Why Ukulele Players Should Get OnSong
One of my top complaints about tabs online is the difficulties in quickly finding and accessing the tabs. Especially when you are out and have no internet connection. While the web is getting easier to search, sometimes there are multiple versions of tabs and the most popular and highest ranking may not be the version you want (or even correct). As such, I grabbed a useful iPad app so that I could organizing my tabs for playing at home and at gigs (I have a terrible memory and memorizing tabs and chords doesn’t come naturally to me). The one that I like the most is OnSong. It’s not perfect but it works well.
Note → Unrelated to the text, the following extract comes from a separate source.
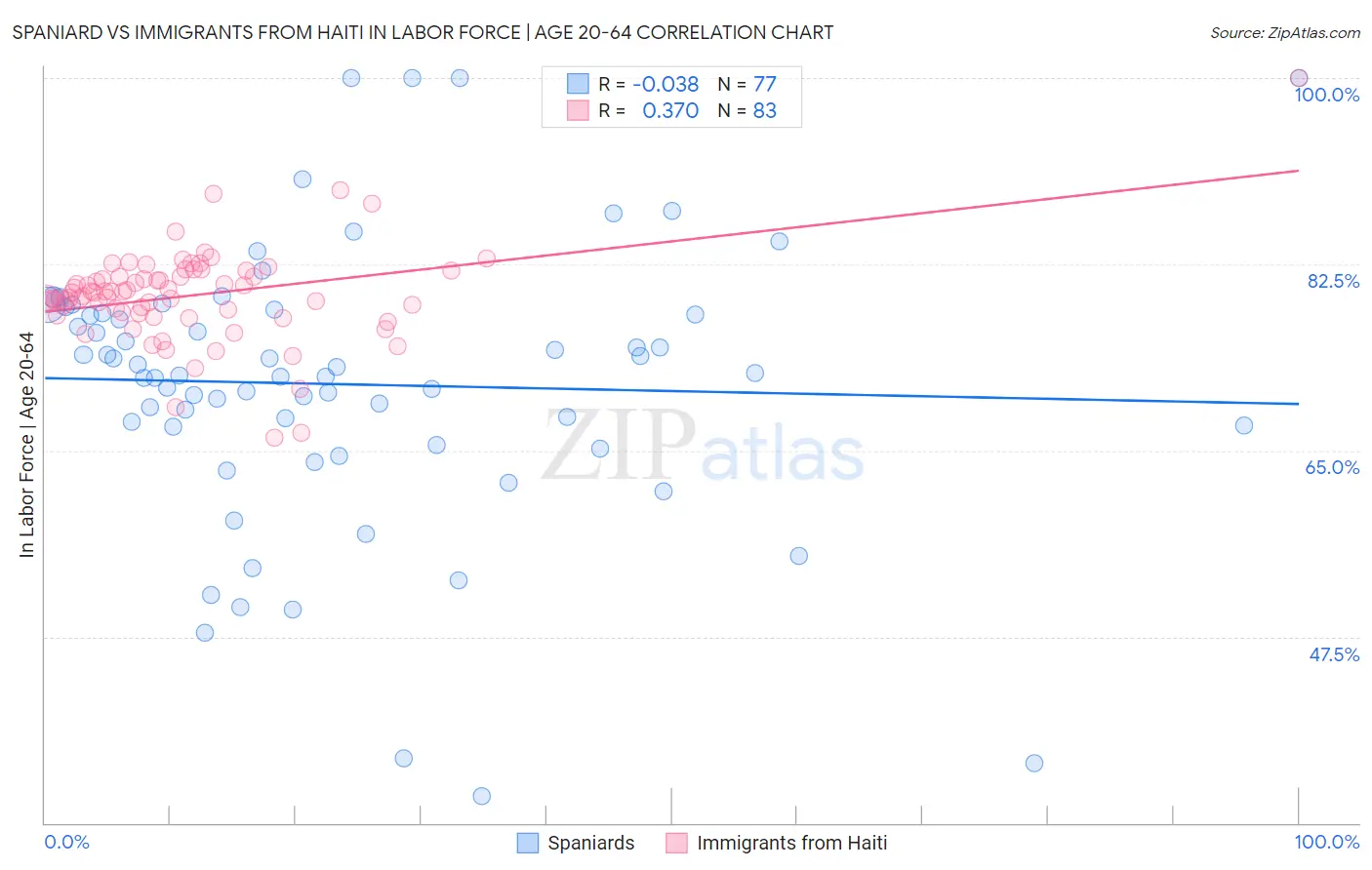 Spaniard vs Immigrants from Haiti In Labor Force | Age 20-64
OnSong is an app which you can get on iPad, iPhone and even iPod (remember those things?) It’s clearly intended for the iPad first as that is screen size that is useable when reading tabs. Something like an iPhone might be a bit too tricky to look at for an extended time. It is designed to replace a folder with music in and has a few features that really help out.
You can import songs and chords for a variety of different sources and formats. Importantly, this includes text, PDF and webpages. All common formats to get music in. By importing, you can organize your music via key, artist, theme so you can find them easily, and you can create a “set”. This is great for performing as you can move through the songs you’re going to play on that occasion. This really helps when playing live as you simply have to swipe between the different songs. Especially if you add in a Bluetooth pedal so you can navigate with your feet and keep your hands for strumming.
When imported correctly, songs can be automatically transposed into different keys by simple swipes on the screen, great when your vocalist doesn’t have the same vocal range as the original singer.
Missing or not so good
Although OnSong is a great tool, it’s not perfect. The interface can be a bit confusing at times with the drop-down sections. You might have to tap on a few areas a couple of times till you find the right place that you want or until you’ve learned the area you want. More importantly, maneuvering through your set list can get tricky when you have a song with a coda and repeating parts (mostly true for sheet music rather than tablature).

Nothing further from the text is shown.